The mayor stated he is well pleased with the city’s new auditor, who is making great progress. He noted the auditor provides weekly updates on his progress and is near closing on the budget. “We need this completed before we finalize our new budget for FY 2021-2022,” Mayor Anderson said. “The first reading will be at the regular June meeting, and sometime before June 30, the board will meet in special session to approve the second reading of the FY 2022-2023 budget.

“Next year we’ll be in much better shape, and we’ll have our budget completed in March or April, like everybody else.

Pemberton said the auditor “has to go back and clean up a decade of inaccurate books.”


Infrastructure Improvements


According to the mayor, the city has repaired a couple of small sections of city sidewalks. This includes an area in front of the Corner Café, which was a trip hazard, due to broken concrete. He stated there were three other locations where sections of the sidewalks had been removed in order to install wastewater lines underneath the sidewalk. The concrete on these jobs has been poured.

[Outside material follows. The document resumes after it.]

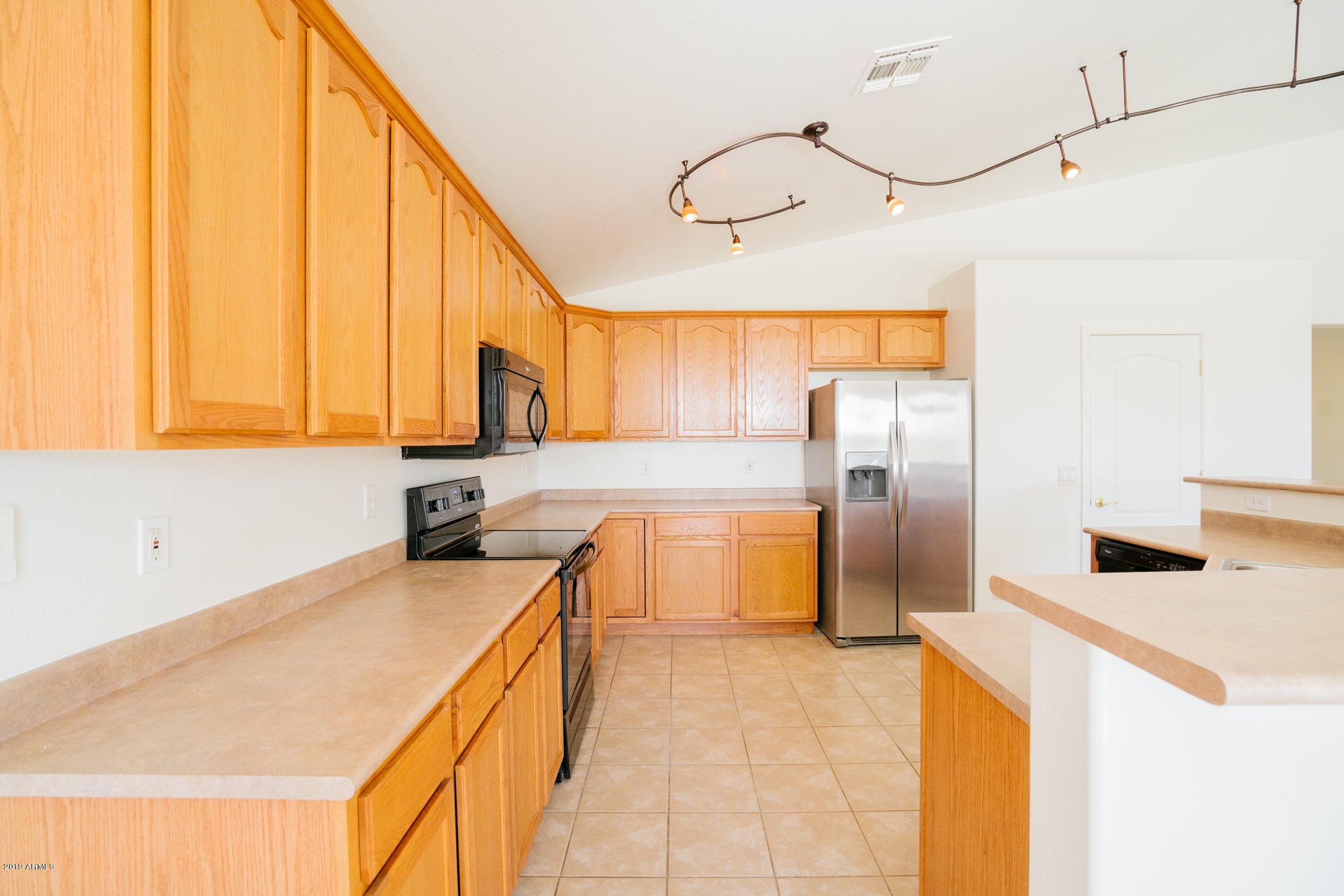 25555 West Ripple Road Buckeye, AZ 85326 - Photo 8 of 21 a kitchen with stainless steel appliances granite countertop a sink a stove and refrigerator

“There are other locations that will be fixed a few at a time, as our budget allows,” the mayor added.

In the library report, Alderman Mike Bennett stated a $900 grant was received to purchase a new front desk for the Gleason Library. He noted there is a Summer Reading Program in June.




Mayor Anderson announced the city’s Fourth of July celebration will be held on Saturday, July 2. He mentioned the city is looking for a firm to shoot the fireworks at the event.

The next regular meeting of the Gleason Board of Mayor and Aldermen is Monday, June 20, beginning at 7 p.m.